Le talent prime sur le contrat !
Au cœur de la mission des départements des Ressources Humaines
Si le talent externe est plus ou moins reconnu, valorisé et intégré au sein des équipes, le point est plus compliqué au niveau de l’entreprise. Jadis considérés comme de la sous-traitance, ces travailleurs ont longtemps été gérés comme des achats et restent ignorés, voire invisibles des départements des Ressources Humaines, ou tout au mieux considérés comme des sous-employés.
Désormais, si l’entreprise veut se démarquer et engager ces talents dans leur projet, elle se doit d’adopter des stratégies où chaque talent est valorisé pour sa valeur, et non en fonction de son contrat de travail.
La gestion inclusive de l’ensemble des talents de l’entreprise est au cœur de la gestion innovante des RH.
Considérer l’importance stratégique de l’ensemble des richesses humaines de l’entreprise, mettre l’accès au talent au centre de la réflexion plutôt que sa possession n’est pas un ajustement à la marge : c’est une révolution culturelle, passant d’une relation unilatérale, paternaliste, figée et centrée sur l’entreprise vers une relation bilatérale, dynamique, de responsabilité partagée et en réseau, ouverte sur le monde. Dont le défi est l’engagement collectif autour du projet commun. Ceci remet fondamentalement en question l’ensemble des processus et politiques de la gestion des Ressources Humaines. Un basculement qui fait exploser les frontières de l’entreprise.
Repenser la gestion du travail au-delà de l’entreprise
Mutualiser les talents au-delà des frontières de l’entreprise, et ceci quel que soit le type de contrat, permet de brasser une diversité et une richesse considérable, au bénéfice de tous. Au travers du coworking ou autre corpoworking, nous voyons émerger des lieux de travail interentreprises, pour favoriser la cross-fertilisation, l’innovation et l’enrichissement.
Certaines entreprises, sur la pointe des pieds, expérimentent la mobilité interentreprises.

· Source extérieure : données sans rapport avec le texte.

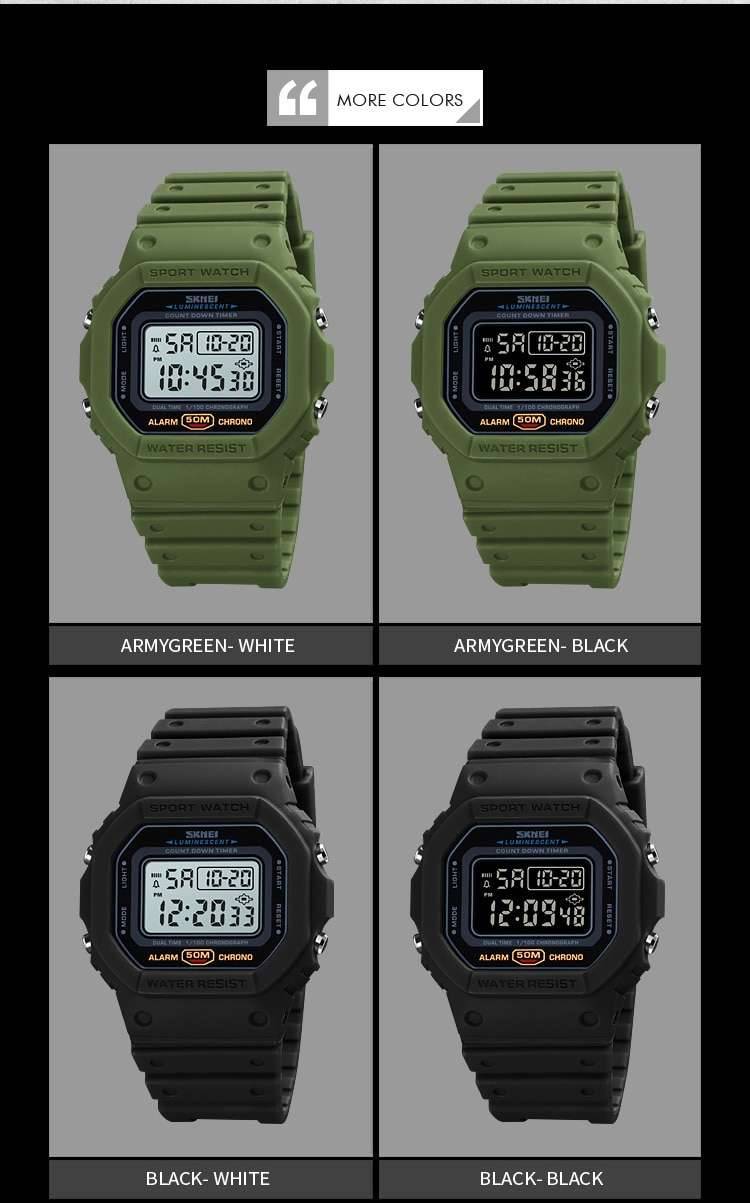 SKMEI Multifunctional Digital Sport Watch Men 2 Time Count Down Mens Wristwatches Fashion Retro Male Watches reloj hombre 1628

Pourquoi ne pas aller plus loin ? Pour répondre aux attentes de l’ensemble des parties prenantes dans une économie résiliente du 21ième siècle, nous devons réinventer la gestion du travail : mettre en place un système qui favorise la sécurité, la fluidité et le développement de l’ensemble des travailleurs pour accéder de manière flexible aux missions et projets en fonction de leurs besoins et de leurs compétences. Un environnement au sein duquel les entreprises, au gré de leurs défis et de leurs projets ont librement accès aux compétences. Un environnement au sein duquel les talents disposent d’une certaine sécurité, peuvent s’épanouir et mettent librement leurs talents à disposition des projets des entreprises. Entre les deux parties, une relation de partenariat équilibrée, respectueuse, ouverte, un trajet commun.
Le défi des départements des Ressources HUmaines sera alors de développer de manière fluide des communautés soudées de compétences participant à un projet partagé.